Most organizations organize themselves into  departments; Human Resources is one of them along with Operations, Marketing, Information Services, and usually others. People who work in Human Resources are tasked with managing the people who work for the organizations, how and how much they get paid, which departments they work in and so on. People working in Operations are responsible for organizing the way the organization does its work, Marketing employees develop programs to sell the organization's goods and services, and so on.

The first thing that jumps out to me is that the list of candidates includes Department and Human Resources. Obviously, we are primarily concerned about HR functions here, so it's understandable that HR would be proposed as one of the table candidates. However, what we already know about how organizations work in the normal world tells us this is not going to work in a relational database application.

Egos aside, does it make sense to lump other departments into one category while isolating the HR department into another, separate category at the same level? From a natural language perspective, if you were going to create a presentation to the board of directors, would this rhetorical structure make sense?
The XYZ Company consists of two divisions: Human Resources and Other Departments.
Is it really a binary choice between two categories? Probably not.
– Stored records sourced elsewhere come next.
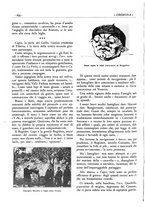 giornale/CFI0344389/1933/unico/00000312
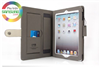 Bao da Galaxy Note 10.1 N8000 hiệu KLD Sharp Series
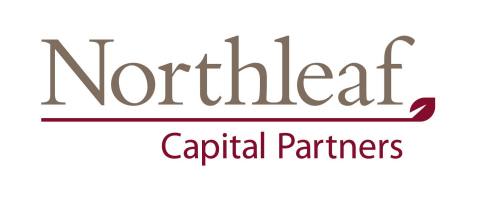 Northleaf Capital Partners Logo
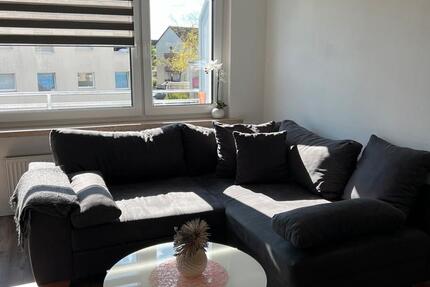 Wohnung Northeim - 1 Zimmer, 34 m&sup2;, 690&euro; | Angebot:24869854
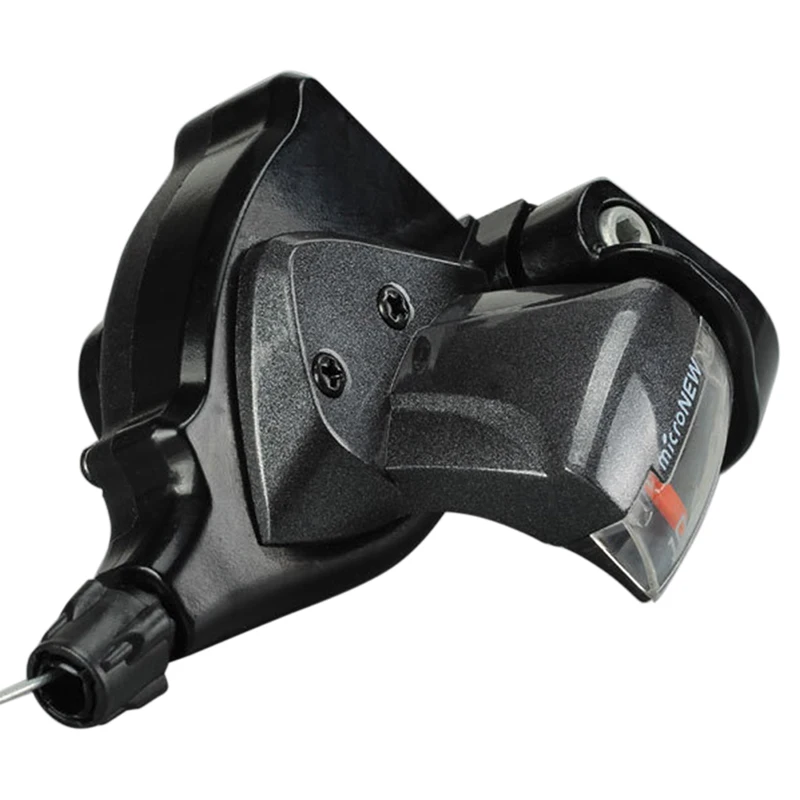 Задний переключатель передач передний рычаг переключения 9/10/11 скоростей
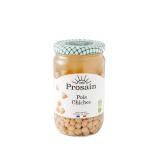 POIS CHICHES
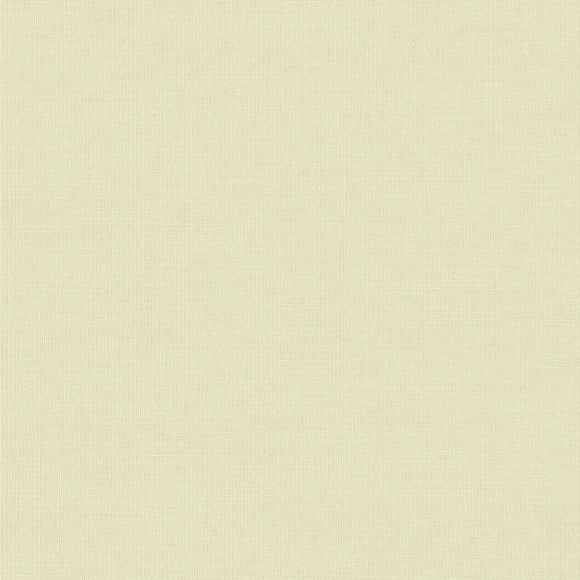 ColourLux Daylight Made to Measure Roller Blind Fabric Sample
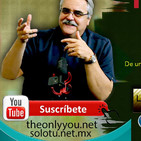 Ansiedad social, Redes sociales y otros temas de interes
You might see a rhetorical organization like this, though:
The XYZ Company consists of numerous divisions, including Human Resources, which is the subject of our presentation today.
According to Discourse Bloc theory, the basic rhetorical structure of these two formations is very similar. Both follow one of the common Bloc structures found throughout technical discourse. Specifically, that would be:
Bloc X consists of one or more units of Bloc Y.
For example:
Animal species (Bloc X) include (or consists of) mammals, reptiles, insects, and others (Bloc Y). 
 In our relational database application, the rhetorical formulation is this:
Bloc X (the XYZ Company) is organized into multiple Bloc Y parts (divisions or departments). 
  • The first formulation artificially limits the Y number of parts to two UNEQUAL parts. 
  • The second formulation recognizes that there are actually multiple, EQUAL parts.
You probably agree with me that that the first formulation would make no sense. In fact, it might get you in trouble with the other departments represented at that meeting. However, the second formulation is semantically, as well as rhetorically, sound because it a) correctly identifies the relationship between whole (XYZ Corporation) and its parts ( XYZ Departments), b) acknowledges the parity of Human Resources with other departments, and c) identifies the primary focus of the presentation.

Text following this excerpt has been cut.